• What is needed:
Each record is to be printed again exactly, though not its pictures.
### Data for the task
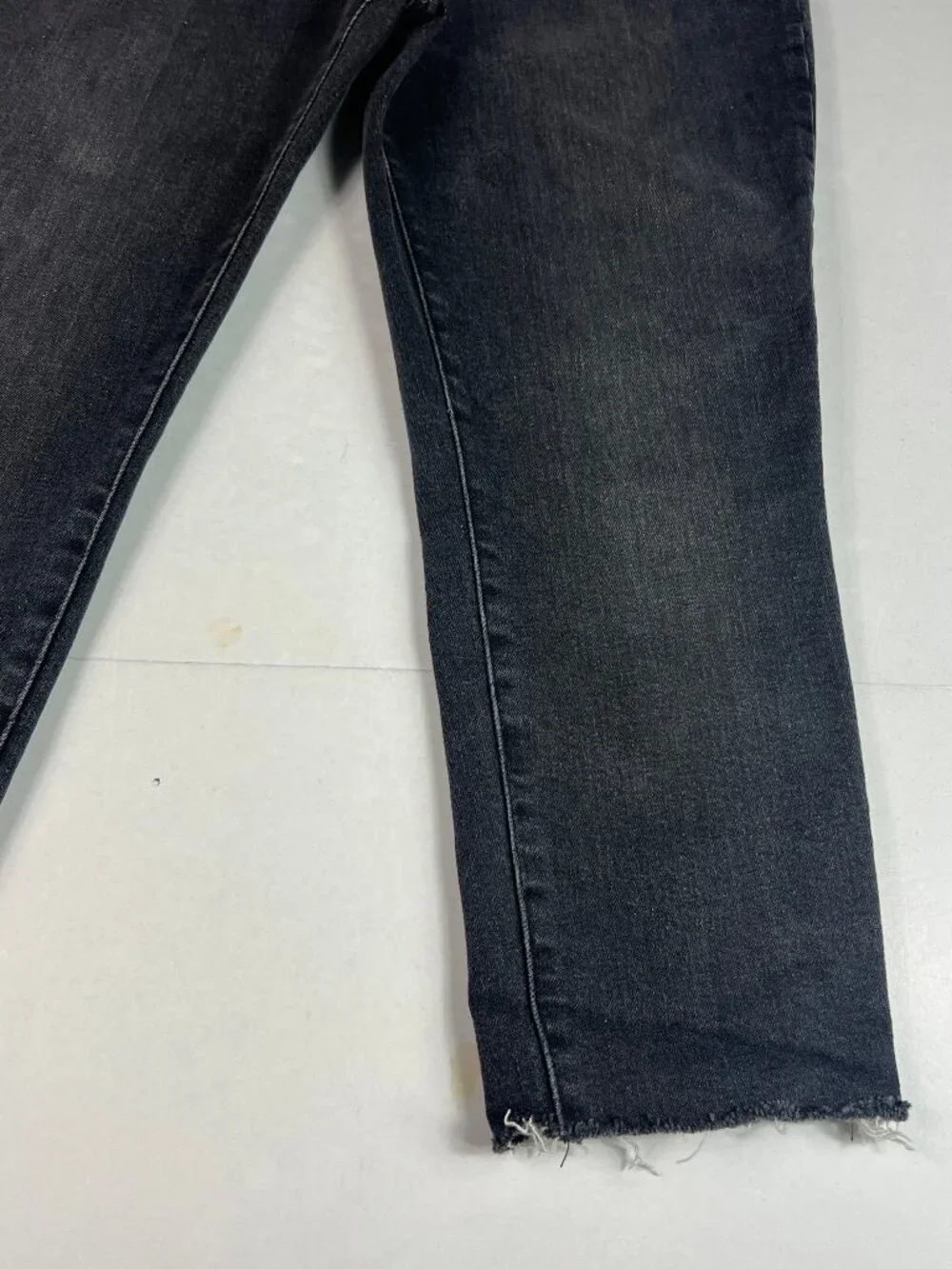 Good American Jeans Womens 31x22* Good Legs High Rise Cropped Black Denim Tag 14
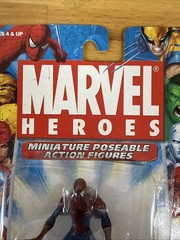 Toy Biz Marvel Heroes Spider-Man Miniature Poseable Action Figure – NEW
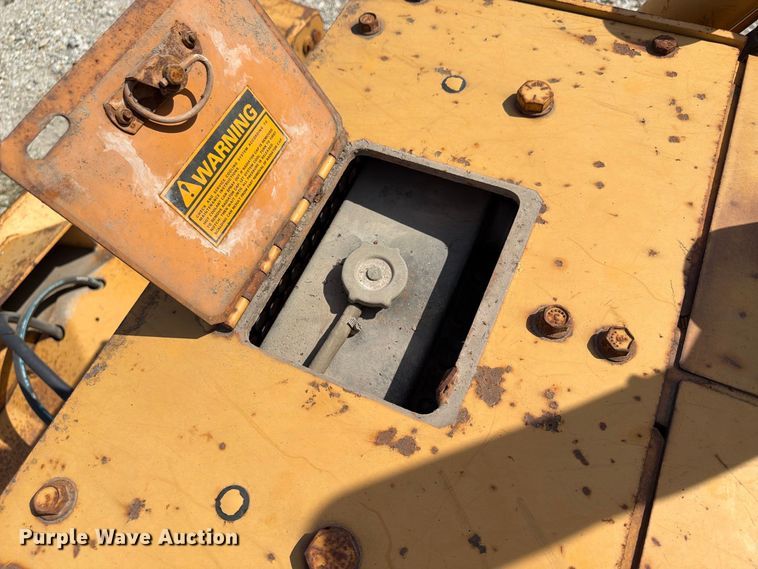 image for item FU4675 1986 Case 850D dozer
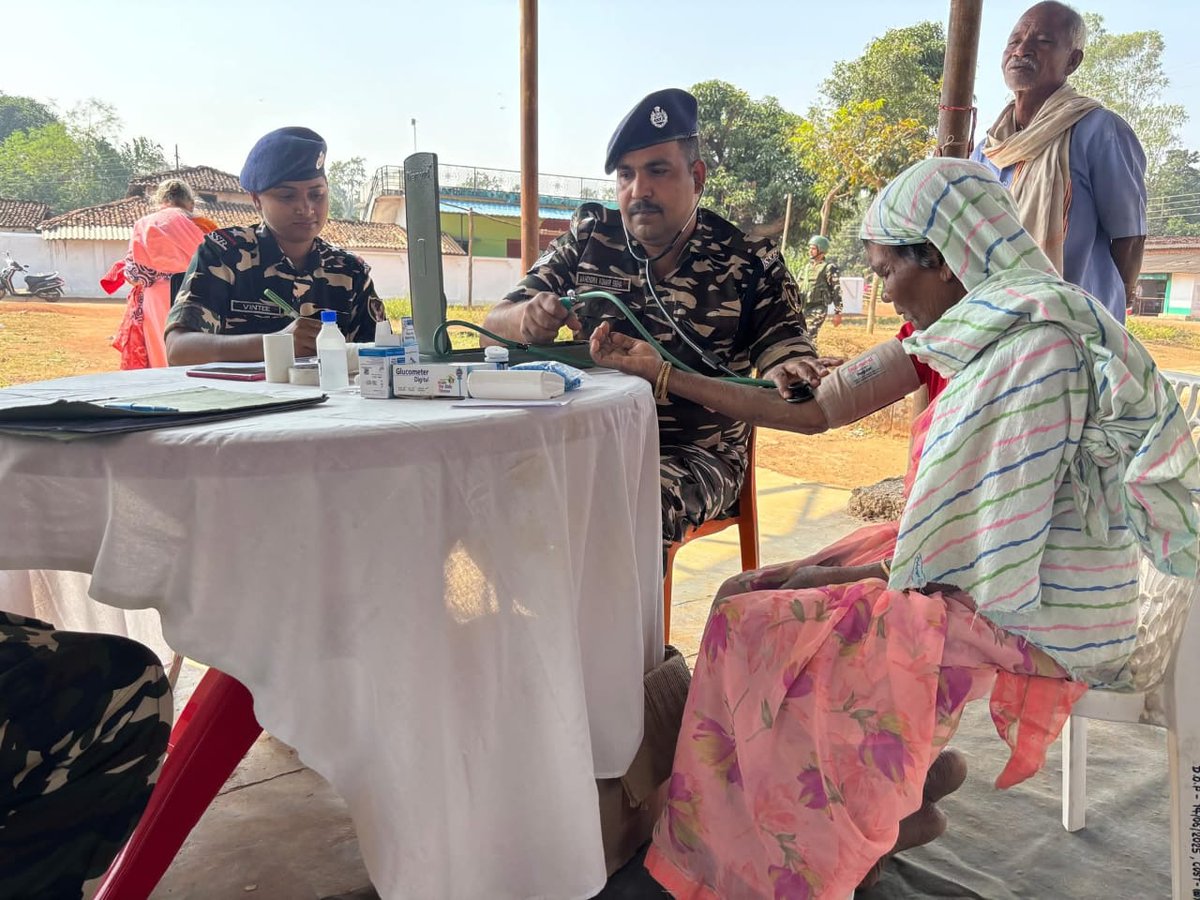 shq_SSBBHILAI's tweet image. 33वीं वाहिनी, केवटी द्वारा राष्ट्रीय गीत वंदे मातरम् के 150 गौरवशाली वर्ष पूर्ण होने के उपलक्ष्य में #VCA एवं #MCA कार्यक्रमों का गरिमामय आयोजन किया गया, जिसमें ग्रामीणों तथा उनके पशुओं का उपचार भी किया गया।
@SSB_INDIA 
@SSBFTRLUCKNOW 
@33BnSSB_INDIA 
@28bnssb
######
• Exercise solution:
 Good American Jeans Womens 31x22* Good Legs High Rise Cropped Black Denim Tag 14
 Toy Biz Marvel Heroes Spider-Man Miniature Poseable Action Figure – NEW
 image for item FU4675 1986 Case 850D dozer
 shq_SSBBHILAI's tweet image. 33वीं वाहिनी, केवटी द्वारा राष्ट्रीय गीत वंदे मातरम् के 150 गौरवशाली वर्ष पूर्ण होने के उपलक्ष्य में #VCA एवं #MCA कार्यक्रमों का गरिमामय आयोजन किया गया, जिसमें ग्रामीणों तथा उनके पशुओं का उपचार भी किया गया।
@SSB_INDIA 
@SSBFTRLUCKNOW 
@33BnSSB_INDIA 
@28bnssb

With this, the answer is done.